HE came over Tuesday night stayed for about 20 minutes maybe less, left me more confused then ever,He said he wanted to be with me and in a relationship, But then made a comment that he wanted to see me happy even if it was without him ( he must of heard my songs on myspace) ( he knows I like lyrics) or it was just a coincidence?
He says he wants to be in a relationship with me BUT on his terms... When he is not working (which is pretty much 24/7), he will squeeze me in. BUT work comes first it is just who he is. I just wonder what he is going to do when he is older and can't do this job anymore? Will his gun and un served warrants keep him warm at night or hug him when he is scared and lonely? So does that mean I am suppose to sit around collect cob webs and wait for him to call to ask me out?
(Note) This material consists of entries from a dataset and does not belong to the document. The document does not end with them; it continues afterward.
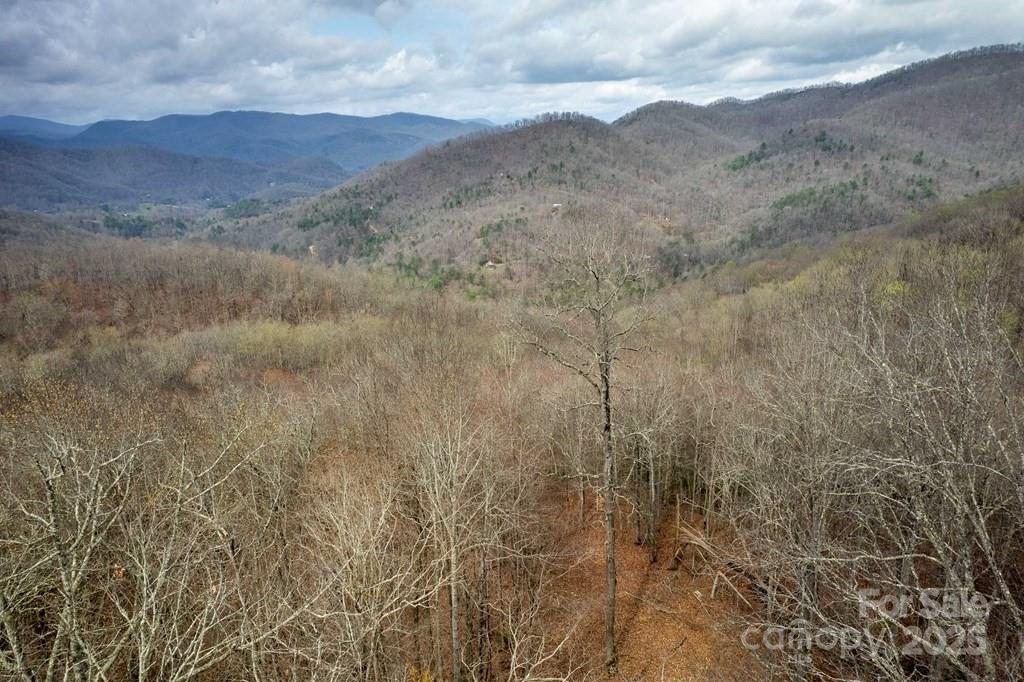 Lot 11 Stone Pillow Road, Unit 11 Tuckasegee, NC 28783 - Photo 8 of 26
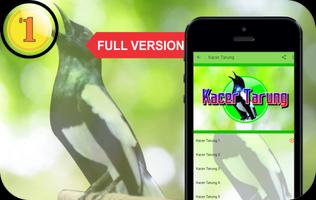 Pancingan & Masteran Kacer Mp3 Offline poster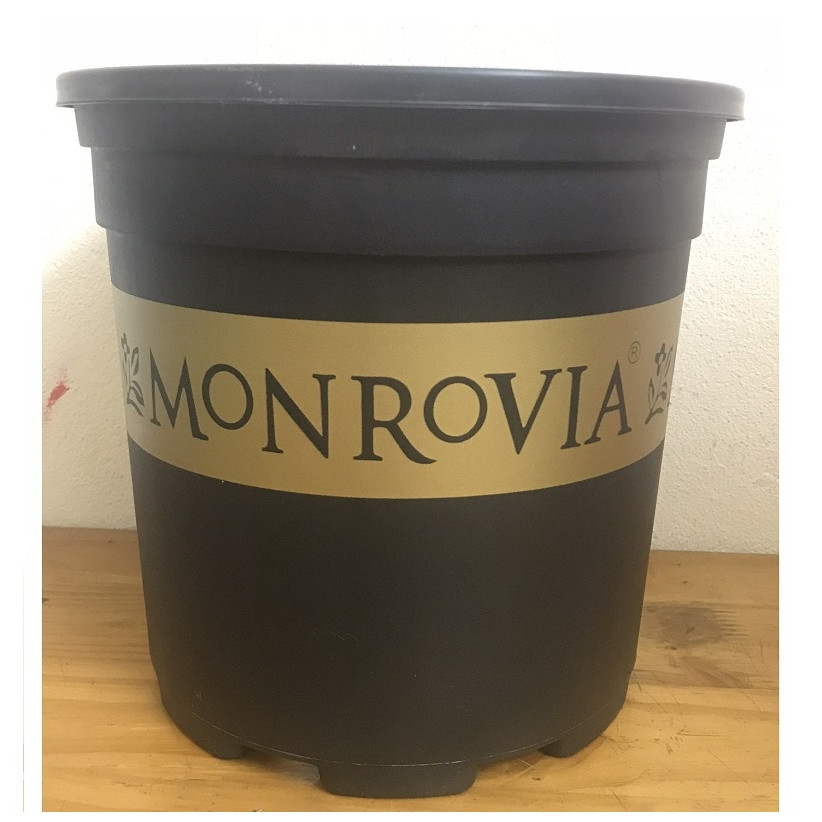 1 Chậu MONROVIA CH Garden 2Gal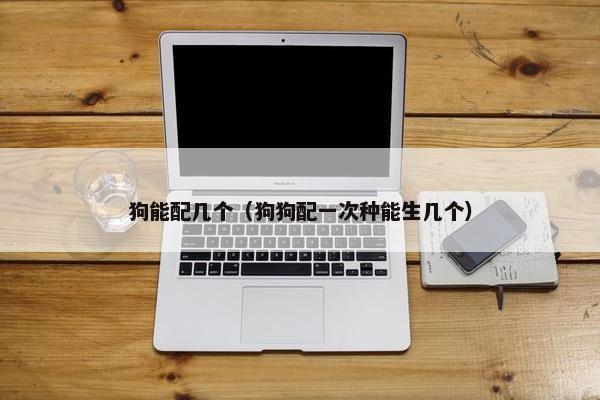 狗能配几个（狗狗配一次种能生几个）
Dust my self off and be ready and say OK!
He said with summer coming his job his only going to get worse.
But he also told me that his last relationship was a very passionate one. I don't get how he had a passionate relationship if there was never any time? BUT then again she does live in the same town as him. So maybe?
I don't know I am so confused!
I don't want to hurt him. BUT I don't want to be hurt either.
Maybe we are just better off friends? I don't want things to get messy and ugly. I don't want to hurt or get hurt.
Just knowing some of the things I know though from all our talks makes me sad! I hate this!
Maybe just date? no relationship? no fuss no muss? no strings? go back to friends and go from there? Can you really go back though? Is that possible?